## What the exercise asks
Retype word for word the first line of the listing and each line after it up to the line with "Courbe de la", with the pictures taken out.

## Dataset entries

▼

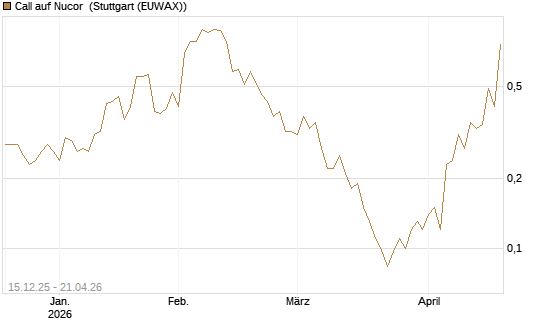 Call auf Nucor [J.P. Morgan Structured Products B.V.] Chart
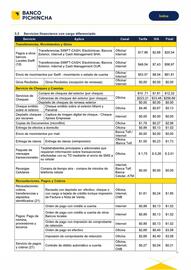 Catálogo Banco del Pichincha Página 16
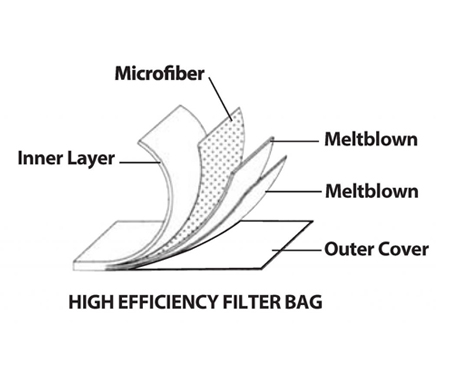 Flow PURE series Bag Filter Elements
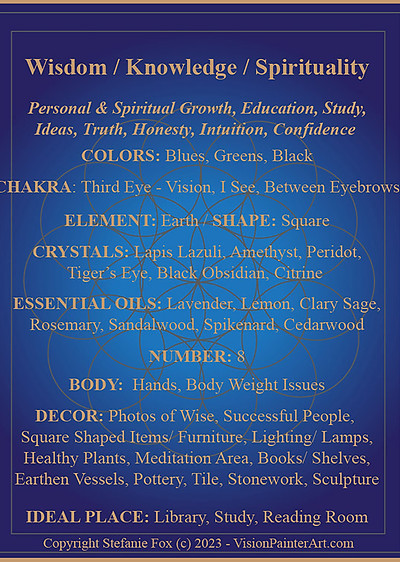 Feng-Shui-Wisdom-Bagua-by-Vision-Painter-Art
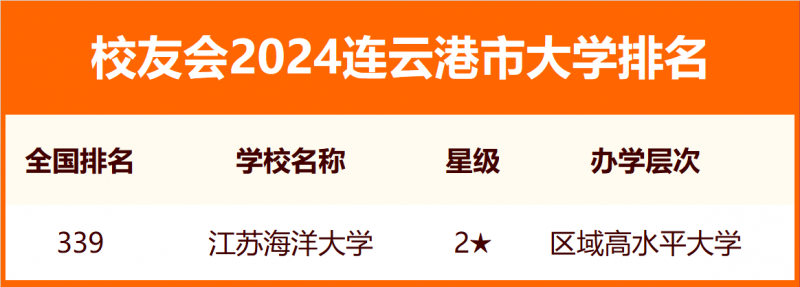 2024连云港市大学排名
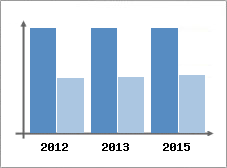 Chiffre d'affaires et Rentabilité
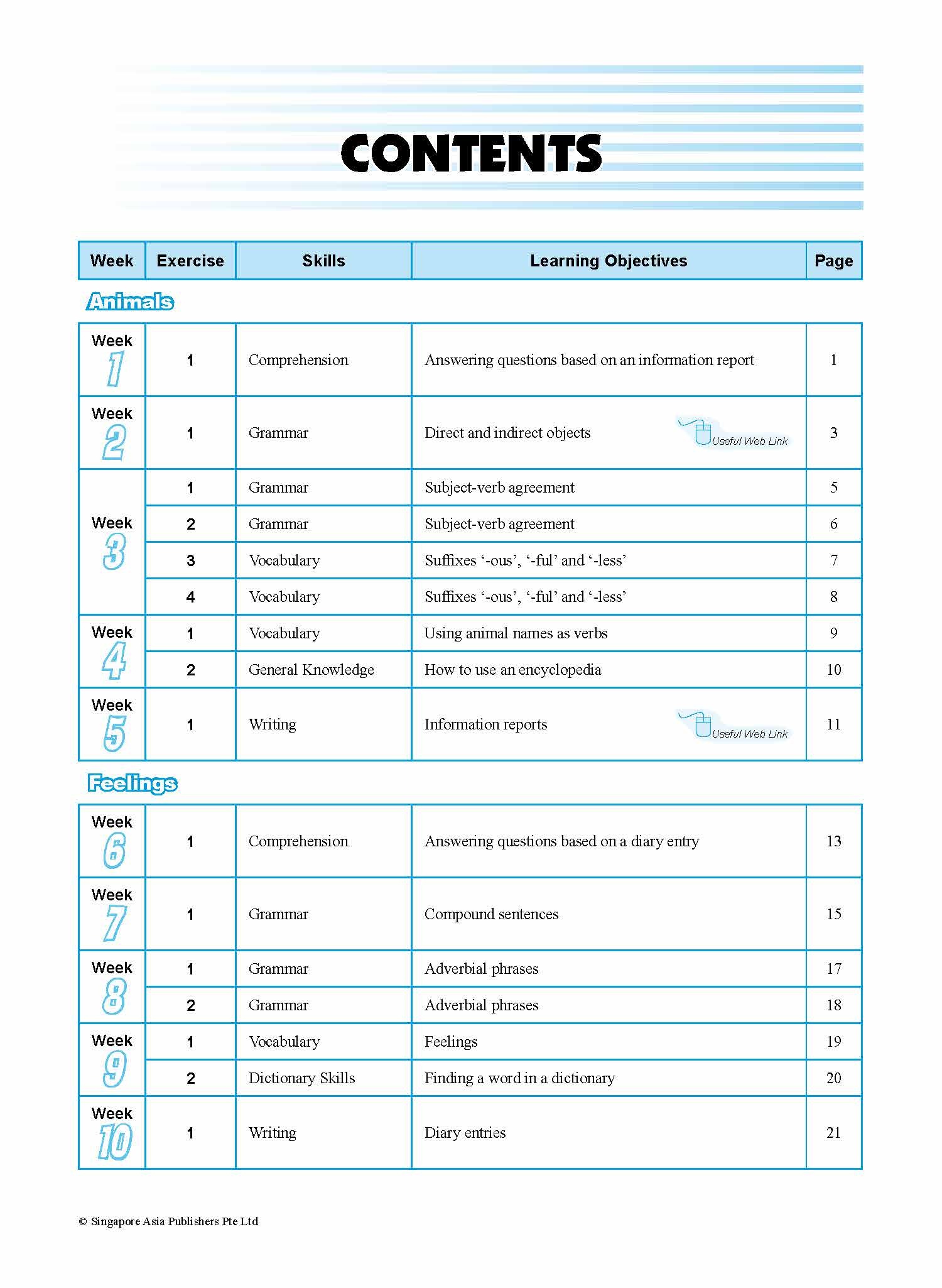 SCORE (Systematic Course for Outstanding Results in Examinations) English Workbook 4
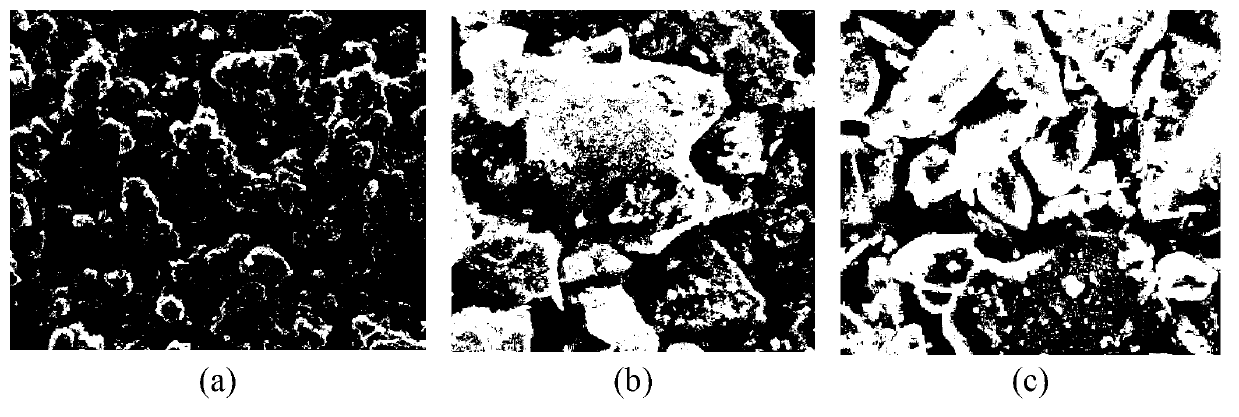 Cage type carbon dioxide adsorption material as well as preparation method and application thereof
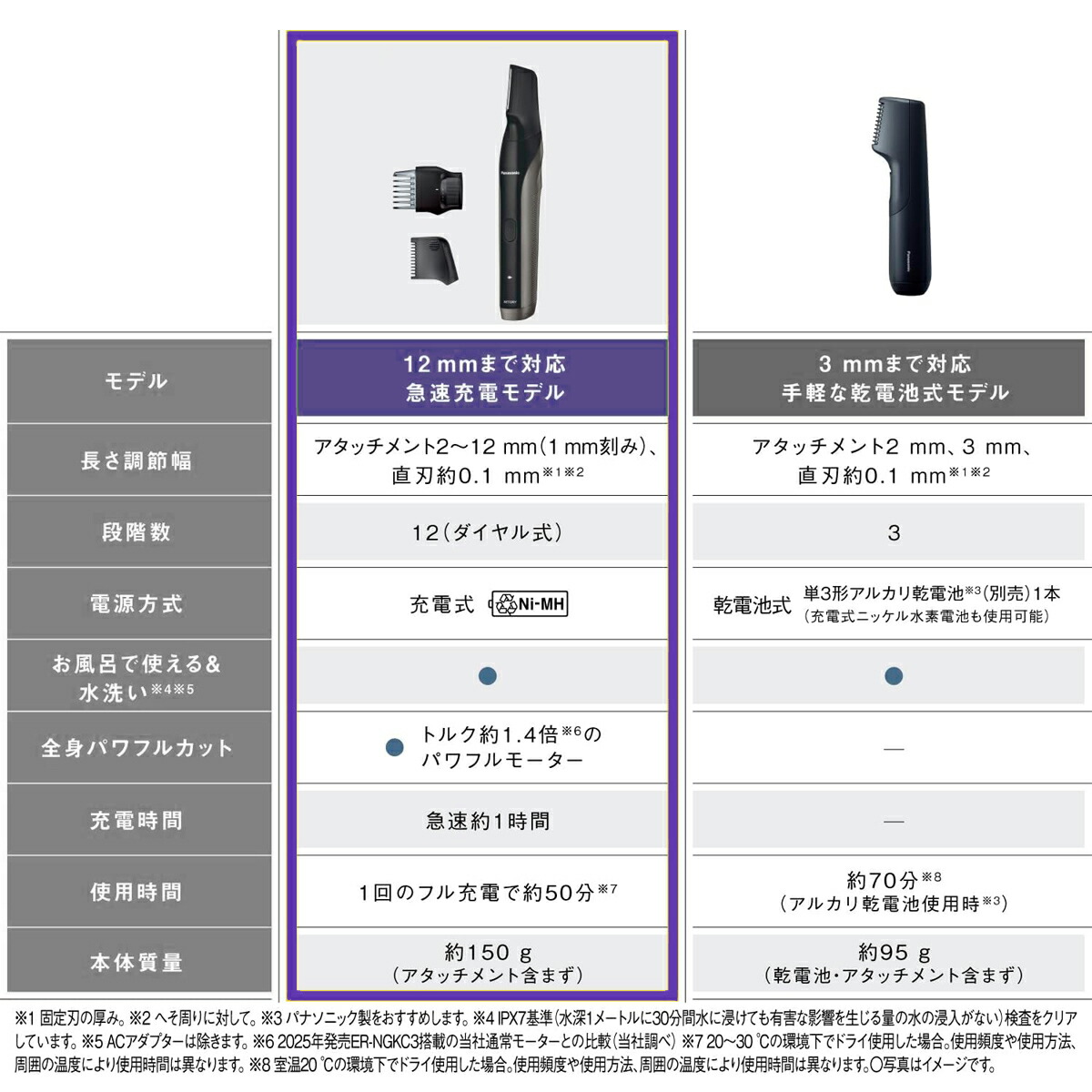 楽天市場】パナソニック ボディトリマー メンズ ボディシェーバー
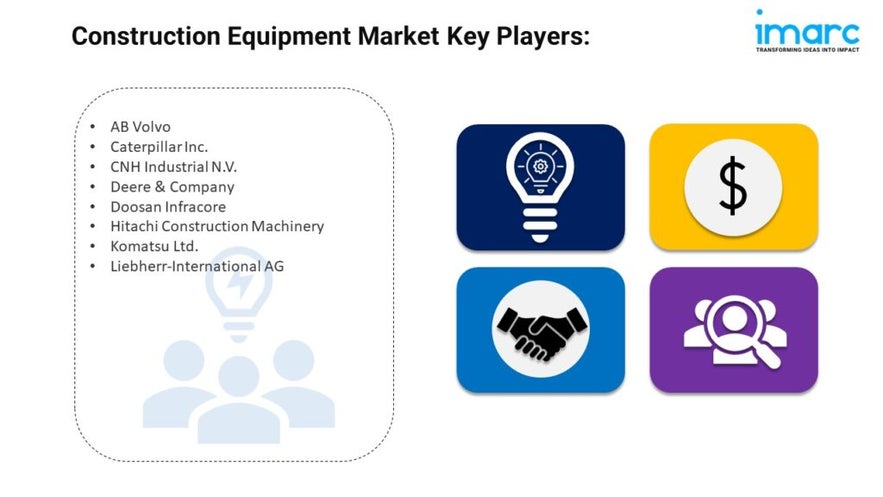 Construction Equipment Market Size, Share, Growth and Forecast 2025-33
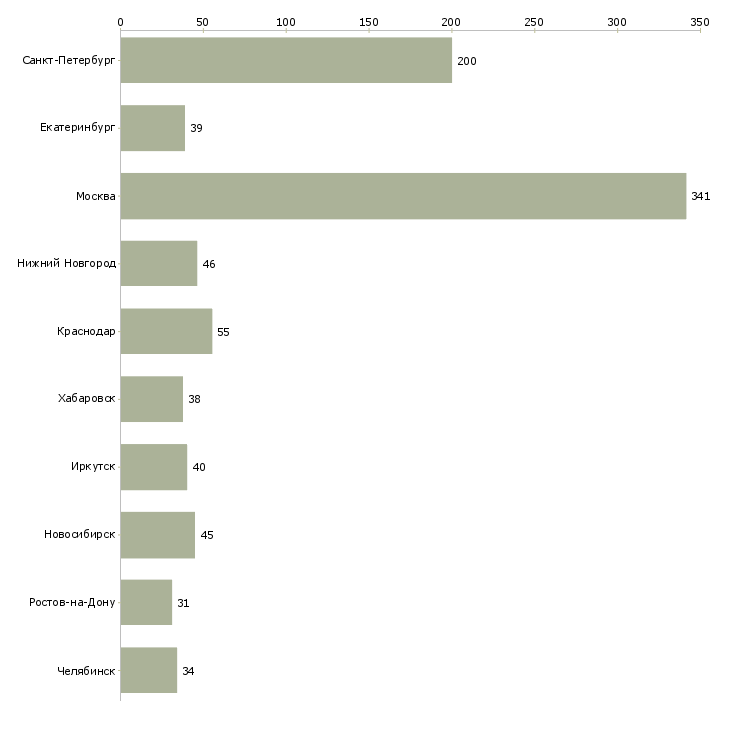 Найти работу специалист по ремонту оборудования-Число вакансий «специалист по ремонту оборудования» на сайте в городах Росcии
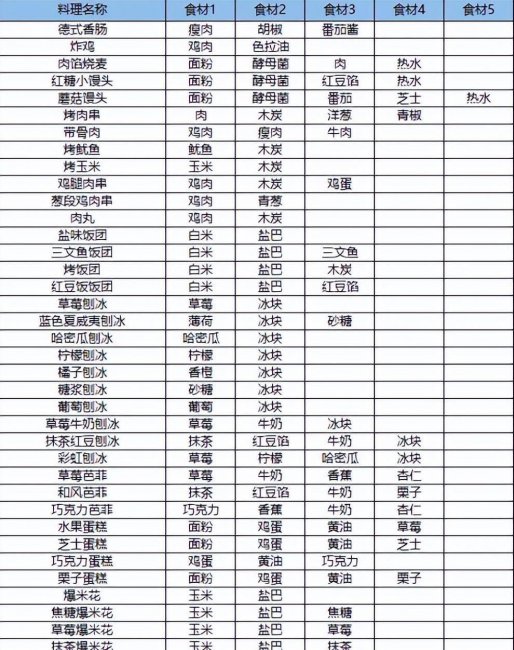 夏日水上乐园物语攻略食谱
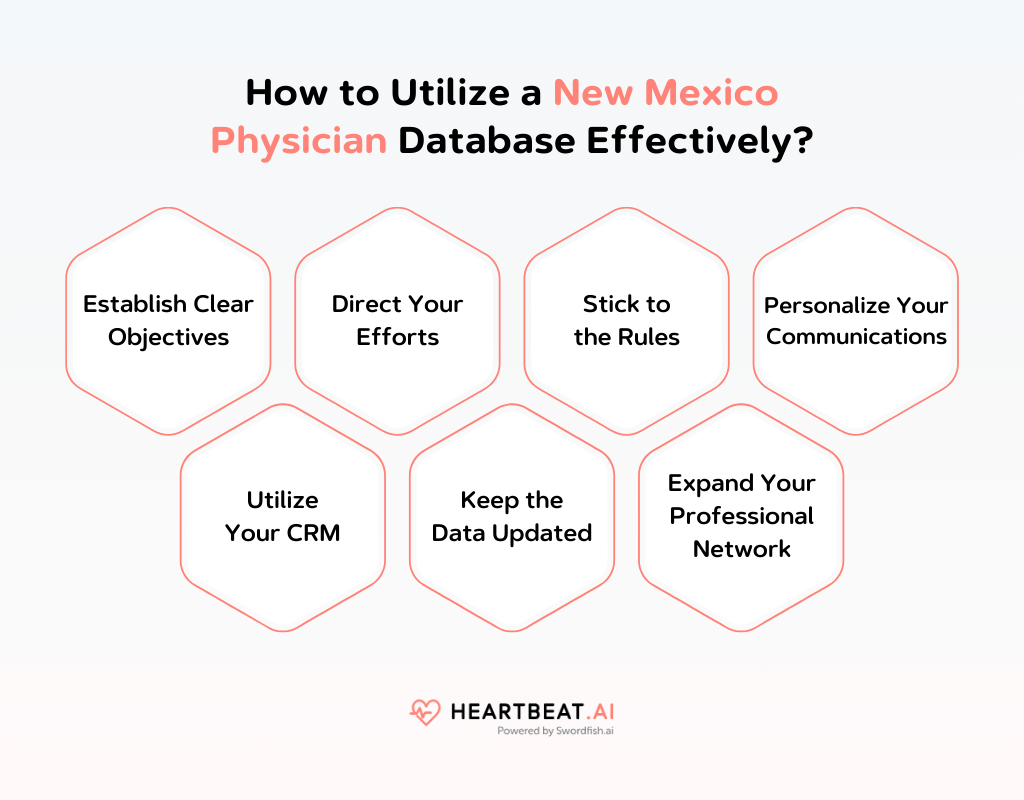 New Mexico Physician Assistants Email Database Lists 100 Valid Email List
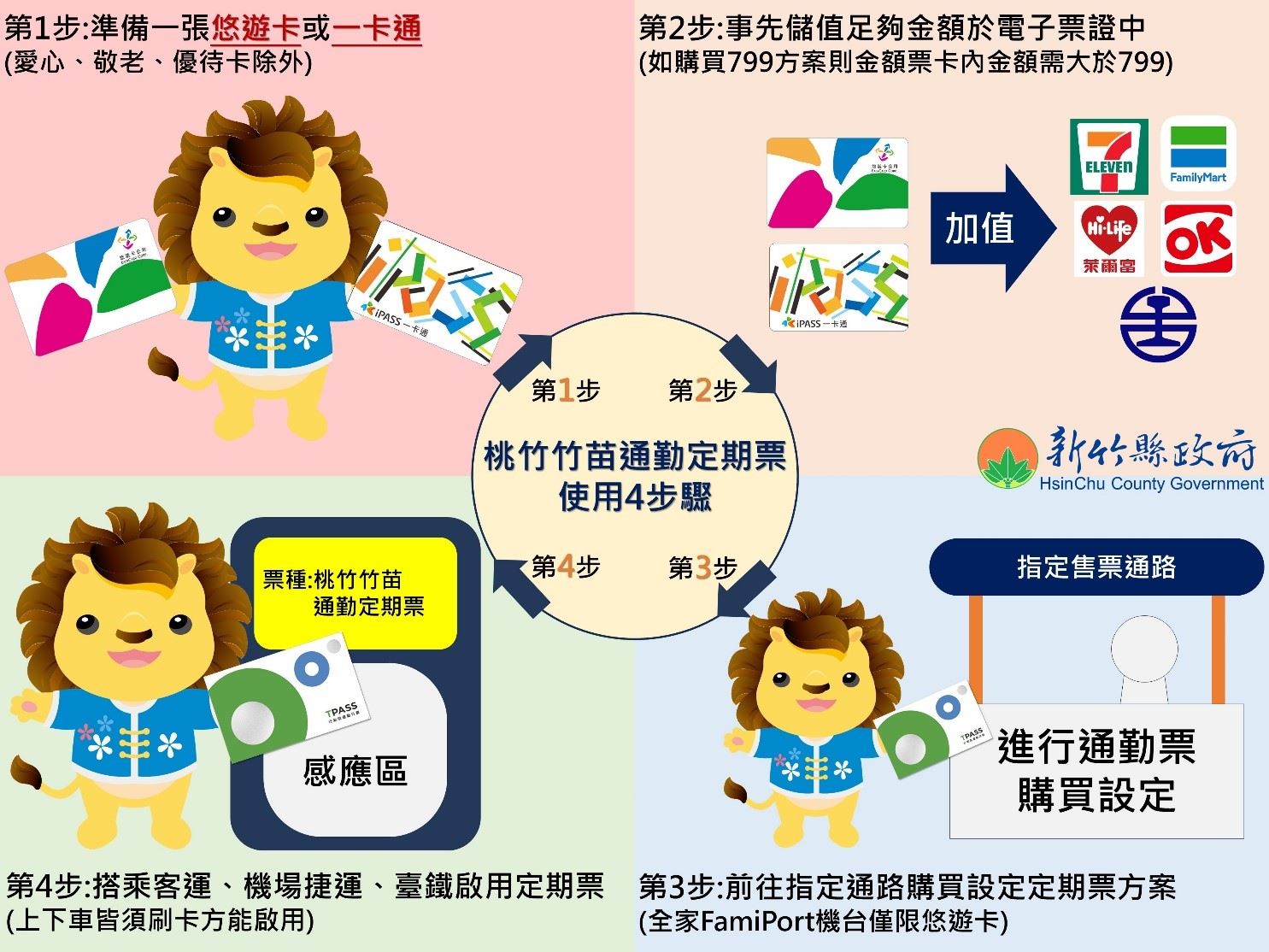 桃竹竹苗通勤定期票 9月25日起可至指定通路預購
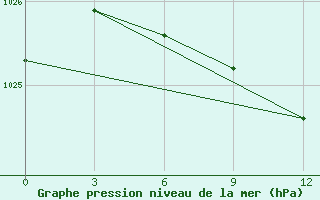 Courbe de la pression atmosphrique pour Polock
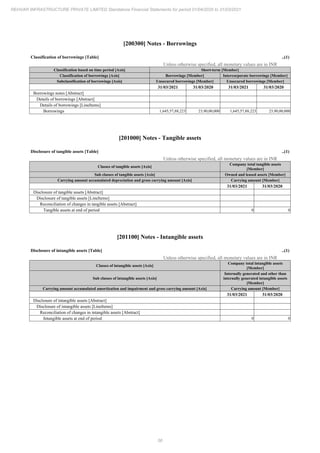 Rehvar Infrastructure 2021 Annual Report.pdf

▲

## Solution
 Call auf Nucor [J.P. Morgan Structured Products B.V.] Chart
 Catálogo Banco del Pichincha Página 16
 Flow PURE series Bag Filter Elements
 Feng-Shui-Wisdom-Bagua-by-Vision-Painter-Art
 2024连云港市大学排名
 Chiffre d'affaires et Rentabilité
 SCORE (Systematic Course for Outstanding Results in Examinations) English Workbook 4
 Cage type carbon dioxide adsorption material as well as preparation method and application thereof
 楽天市場】パナソニック ボディトリマー メンズ ボディシェーバー
 Construction Equipment Market Size, Share, Growth and Forecast 2025-33
 Найти работу специалист по ремонту оборудования-Число вакансий «специалист по ремонту оборудования» на сайте в городах Росcии
 夏日水上乐园物语攻略食谱
 New Mexico Physician Assistants Email Database Lists 100 Valid Email List
 桃竹竹苗通勤定期票 9月25日起可至指定通路預購
 Courbe de la pression atmosphrique pour Polock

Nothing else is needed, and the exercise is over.